Altın Madenciliği-Doğal Afetler ve Çanakkale’nin Suyu

Bu makalede, Kazdağları bölgesindeki madencilik faaliyetlerinin, bazı doğal afetlerin de tetikleyici etkisiyle nasıl kontrol edilemez boyutlara ulaşan çevresel felaketlere, yıkımlara yol açacağına bir göz atacağız.

Bilindiği üzere Biga yarımadası ve özel olarak da Kazdağları bölgesi son yıllarda yoğun olarak maden arama faaliyetlerine açılmış bulunmaktadır.   Bugün bölgede, maden arama ruhsatı verilmemiş bir karış yer neredeyse kalmamıştır.  Bölge son yıllarda yoğun olarak çokuluslu Batılı yayılmacı ülkelerden gelen madencilik şirketlerinin sondajlı arama faaliyetlerine sahne olmaktadır.  Öncelikli olarak altın ve bakır cevherleşmeleri aramak üzere sondajlar yapılmaktadır.  Daha henüz işletme evresine bile geçmeden, açılan binlerce derin maden arama sondajlarıyla yeraltı su hazneleri (akifer) delik deşik edilmiş, kötü sular tatlı sulara karıştırılmış, yüzlerce binlerce yıldır akmakta olan pınarlar kurumaya başlamış, bazı pınarlardan bulanık, beyaz köpüklü (polimer) ve gres yağlı sular akmağa başlamıştır.  Ormanlık alanlar içerisine açılan pek çok sondaj yolu ve sondaj yeri hazırlama kazılarıyla dağ yamaçlarının bitki örtüsü sıyrılmış, binlerce ağaç kesilmiş ve zemin hızla erozyona açık bir duruma getirilmiştir.

Söz konusu yabancı şirketler içerisinde özellikle Kanada’lı Alamos Gold madencilik şirketinin Çan-Kirazlı köyü yakınlarındaki altın arama faaliyetleri tehlikenin yakınlığı bakımından öncelik arzetmektedir.  Doğu Biga Madencilik Şirketi adındaki yerli paravan şirketin arkasına gizlenmiş olan Alamos Gold şirketi Kirazlı yakınlarında yoğun bir sondaj faaliyeti yürütmektedir.  Kamuoyuna sızan bilgilere göre şirket 2013 yılında aynı yerde bir altın madeni işletmesi kurmaya hazırlanmaktadır.  Bu işletmenin yeri, Çanakkale’nin su ihtiyacını sağlayan Atikhisar Barajının 13 kilometre kadar yukarısında olacaktır. Toronto Borsasına bildirilen arama raporlarına göre bu madenden çıkartılacak olan altın cevheri (altın içeren kaya) miktarı 29 milyon ton kadardır.  Bu kadar cevheri çıkartabilmek için en az o kadarda örtü kaya kazılıp yeryüzüne yığılacaktır.  Kısaca, orta büyüklükde bir altın madeni işletmesi sayılabilecek Kirazlı madeninde en az 60 milyon ton kadar kaya kazısı yapılacaktır.
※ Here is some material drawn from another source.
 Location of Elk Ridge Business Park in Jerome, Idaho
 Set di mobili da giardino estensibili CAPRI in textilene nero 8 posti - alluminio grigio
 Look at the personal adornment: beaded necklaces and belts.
Alamos Gold şirketinin kendi yazdırdığı ÇED raporunda zehirli ağır metallerin her birinin cevher içerisindeki  oranları bir tablo halinde verilmektedir (1). Çıkartılıp işlenecek olan cevher miktarı 29 milyon ton olduğuna göre basit bir hesaplamayla doğaya salınacak her bir ağır metalin toplam miktarını hesaplamak kolaydır.  Hesaplamalara göre Kirazlı altın cevheri içerisinde çok fazla miktarda zehirli ağır metal olduğu görülmektedir.  Seçilen iki önemli zehirli metalin sayısal miktarı aşağıda verilmiştir:

Arsenik: 17 000 ton
Kurşun: 14 355 ton

Diğer taraftan maden işletmesinde her bir ton altın cevherini işlemek için 2 kilogram kadar siyanür gerektiğine göre, işletme ömrü boyunca toplam 58 000 ton siyanür kullanılacaktır.
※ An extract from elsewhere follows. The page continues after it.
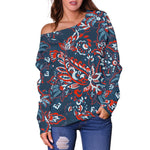 Paisley Floral Bohemian Pattern Print Off Shoulder Sweatshirt GearFrost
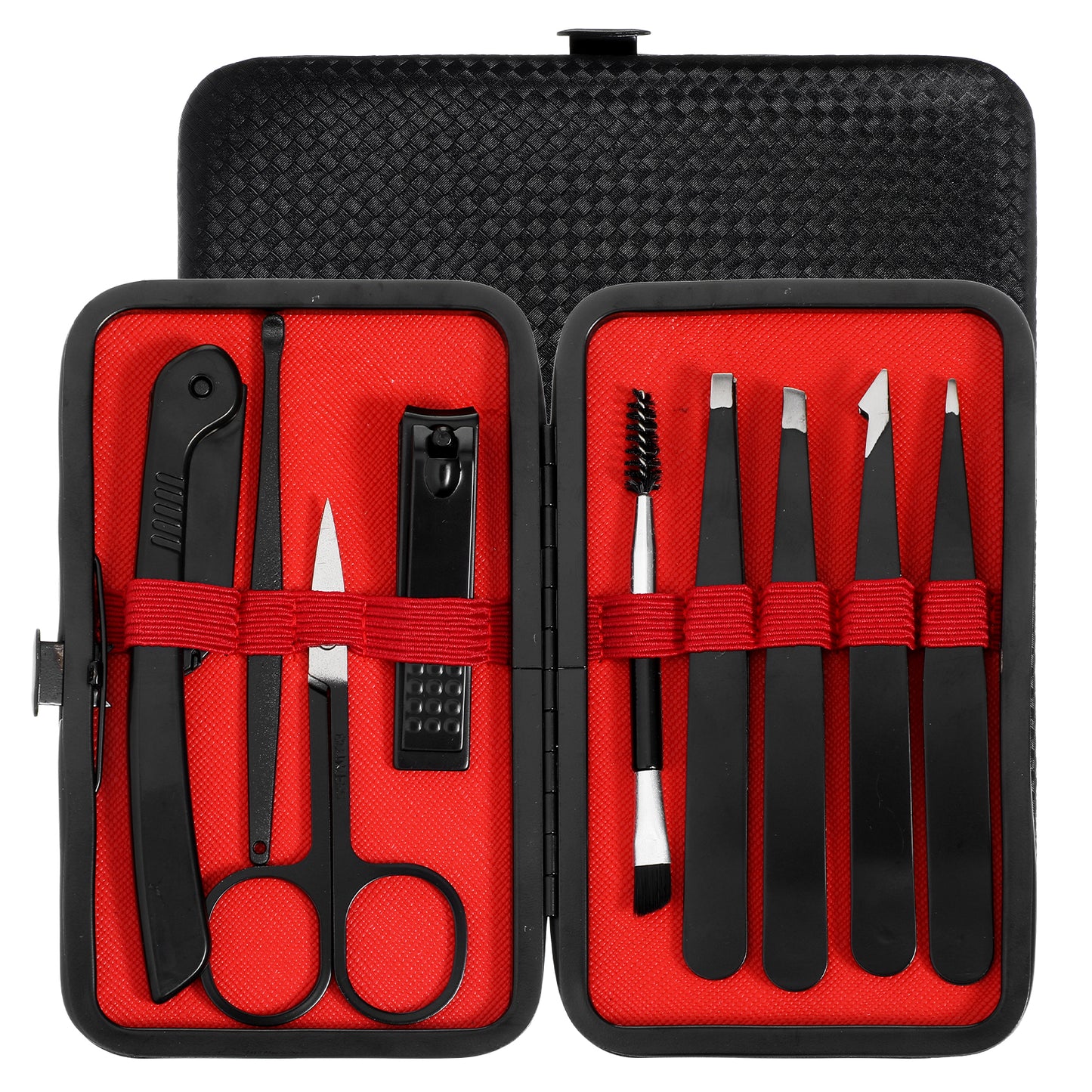9 pcs Professional Stainless Steel Tweezers Kit, Tweezers Set, Precision Eyebrow Tweezer, Travel Nail Clippers Kit with with Leather Travel Case, Manicure Tool as Stocking Stuffers Gifts for Women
Kazdağları bölgesinde daha onlarca madencilik projesi yoldadır. Bunlardan bazıları Kirazlı madeninden çok daha büyüktür. Örneğin, Kanada’lı Pilot Gold (yerli paravan Truva Bakır) şirketine ait Bayramiç-Halilağa köyü yakınlarında açılacak olan altın-bakır madenindeki kazı miktarı, Kirazlı madeninin on katından daha fazla olacaktır. Ayrıca, ileriki yıllarda devam edecek olan aramalar sonucu bulunacak ek cevherleşmelerle işletme kapasiteleri gün geçtikce büyütülecektir.

Madencilik faaliyetleri bölgede doludizgin sürerken, bunların yıkıcı etkilerini doğal afetlerden soyutlamak mümkün değildir.  Bölge birinci derecede bir deprem bölgesidir; topoğrafik olarak kot farkları yüksek olup, arazi sel ve erozyona açıktır. Bütün bunların ışığı altında kısaca ileride neler olabileceğine bir bakalım.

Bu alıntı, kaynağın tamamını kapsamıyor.